Se la pasaba siempre ocupado porque tenía siete dueños.  A todos debía hacer fiesta y buscaba adaptarse a las siete maneras diferentes de ser.  La niña más pequeña lo quería mucho pero no soportaba que se le acercara con la nariz húmeda y le manchara su vestido nuevo.  El papá le llamaba Sansonsuelo mientras le acariciaba la cabeza con una mano que al animal le parecía gigante.  A la hermana mayor le gustaba hacerlo correr dentro de casa.  Uno de los hermanos le declamaba poesías.  Otra hermana, cuando estaba de buenas, le contaba por la tarde sus propias peripecias en un idioma que los perros no entienden.  El otro hermano lo utilizaba de punta de lanza en sus salidas en bicicleta para comprar leche.  La mamá –quien tenía plenos poderes sobre la residencia o no residencia del can en aquel hogar– había ido transformando su principio de “no quiero perros en esta casa” en una aceptación tolerante del inquilino canino; así que Sansón se mostraba siempre muy respetuoso y educado con ella…

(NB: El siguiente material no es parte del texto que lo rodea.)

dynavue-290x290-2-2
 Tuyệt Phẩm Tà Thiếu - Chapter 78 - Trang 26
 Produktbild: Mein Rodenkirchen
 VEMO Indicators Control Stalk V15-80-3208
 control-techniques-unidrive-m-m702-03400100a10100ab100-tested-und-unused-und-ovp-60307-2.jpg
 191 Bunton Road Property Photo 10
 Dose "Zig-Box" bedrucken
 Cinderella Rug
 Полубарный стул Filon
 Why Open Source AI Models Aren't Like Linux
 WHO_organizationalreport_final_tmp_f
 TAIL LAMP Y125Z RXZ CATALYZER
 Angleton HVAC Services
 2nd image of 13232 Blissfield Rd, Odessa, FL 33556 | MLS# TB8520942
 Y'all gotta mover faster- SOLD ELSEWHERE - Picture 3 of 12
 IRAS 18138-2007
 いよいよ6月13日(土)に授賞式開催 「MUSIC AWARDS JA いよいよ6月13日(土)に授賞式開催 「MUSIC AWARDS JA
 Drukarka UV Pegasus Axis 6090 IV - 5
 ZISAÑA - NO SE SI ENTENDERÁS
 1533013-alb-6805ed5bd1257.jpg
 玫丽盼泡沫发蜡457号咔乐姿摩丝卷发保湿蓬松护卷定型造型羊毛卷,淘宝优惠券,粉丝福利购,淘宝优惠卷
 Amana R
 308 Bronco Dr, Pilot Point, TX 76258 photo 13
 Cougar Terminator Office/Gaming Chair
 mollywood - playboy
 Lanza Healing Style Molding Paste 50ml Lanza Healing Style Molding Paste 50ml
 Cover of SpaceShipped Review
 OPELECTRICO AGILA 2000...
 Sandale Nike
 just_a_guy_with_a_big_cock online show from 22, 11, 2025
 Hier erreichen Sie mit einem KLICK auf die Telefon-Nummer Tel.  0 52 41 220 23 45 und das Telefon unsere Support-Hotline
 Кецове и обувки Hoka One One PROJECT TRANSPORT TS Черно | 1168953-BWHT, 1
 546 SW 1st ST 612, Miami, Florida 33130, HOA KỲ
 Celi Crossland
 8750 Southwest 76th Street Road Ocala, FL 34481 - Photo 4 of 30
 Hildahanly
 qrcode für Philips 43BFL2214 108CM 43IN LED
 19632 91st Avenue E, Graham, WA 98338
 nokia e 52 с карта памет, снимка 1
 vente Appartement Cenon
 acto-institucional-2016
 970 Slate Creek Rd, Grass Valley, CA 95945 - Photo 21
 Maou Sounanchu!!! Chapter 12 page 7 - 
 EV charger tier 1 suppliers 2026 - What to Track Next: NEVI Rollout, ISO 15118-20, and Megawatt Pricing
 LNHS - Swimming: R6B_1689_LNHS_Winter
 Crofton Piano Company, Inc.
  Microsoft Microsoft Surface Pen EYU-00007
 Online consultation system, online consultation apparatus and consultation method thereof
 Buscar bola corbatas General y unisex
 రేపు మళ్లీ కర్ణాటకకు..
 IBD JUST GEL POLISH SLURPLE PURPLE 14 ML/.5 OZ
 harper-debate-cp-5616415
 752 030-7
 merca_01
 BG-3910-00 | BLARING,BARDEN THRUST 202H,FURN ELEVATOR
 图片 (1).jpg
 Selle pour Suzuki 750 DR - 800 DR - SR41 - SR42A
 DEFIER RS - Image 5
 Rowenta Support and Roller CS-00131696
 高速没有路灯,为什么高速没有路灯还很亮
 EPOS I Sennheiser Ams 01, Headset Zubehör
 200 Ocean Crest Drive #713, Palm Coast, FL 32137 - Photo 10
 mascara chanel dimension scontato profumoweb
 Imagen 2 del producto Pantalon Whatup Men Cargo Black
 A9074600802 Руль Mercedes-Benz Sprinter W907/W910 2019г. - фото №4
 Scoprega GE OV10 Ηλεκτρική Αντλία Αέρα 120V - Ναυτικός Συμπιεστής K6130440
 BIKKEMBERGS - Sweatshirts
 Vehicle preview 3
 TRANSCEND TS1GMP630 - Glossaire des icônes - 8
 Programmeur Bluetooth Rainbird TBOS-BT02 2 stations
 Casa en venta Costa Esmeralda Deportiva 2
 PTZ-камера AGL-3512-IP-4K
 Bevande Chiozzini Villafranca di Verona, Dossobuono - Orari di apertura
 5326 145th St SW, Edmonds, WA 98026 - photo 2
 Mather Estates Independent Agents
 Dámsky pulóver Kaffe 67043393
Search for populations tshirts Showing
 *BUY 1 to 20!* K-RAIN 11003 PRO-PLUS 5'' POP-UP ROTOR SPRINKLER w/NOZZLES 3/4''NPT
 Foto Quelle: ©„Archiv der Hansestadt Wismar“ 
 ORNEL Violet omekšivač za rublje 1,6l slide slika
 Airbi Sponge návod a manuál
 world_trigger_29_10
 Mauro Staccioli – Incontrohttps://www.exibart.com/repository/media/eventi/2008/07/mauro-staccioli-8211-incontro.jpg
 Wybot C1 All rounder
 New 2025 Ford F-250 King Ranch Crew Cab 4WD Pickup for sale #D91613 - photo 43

Sansón tenía uñas como todos los perros.  Pero tenía un problema que algunos de sus dueños –los de espíritu práctico– consideraban defecto de fábrica. Otros lo achacaban a la edad del animal.  Dos de sus dueñas –más romanticistas– decían que un libro de historia canina refería la existencia de una raza muy fina –ya extinguida– que poseía esa misma característica.  Para ellas, además, ese detalle probaba la hipótesis de la sangre azul del animal en sus antepasados veinte generaciones atrás… 

Haya sido cual haya sido la causa genética del problema, el caso es que Sansón lo sufría en carne propia.  Lo que sucedía era que alguna de sus uñas al crecer se enroscaba de tal manera que la punta afilada iba poco a poco encontrándose justo de frente a la pezuña.  Entonces comenzaba a clavarse hasta llegar a tejidos vivos del pobre animal.  Sansón, sin entender mucho lo que pasaba, se dolía y se ponía triste. 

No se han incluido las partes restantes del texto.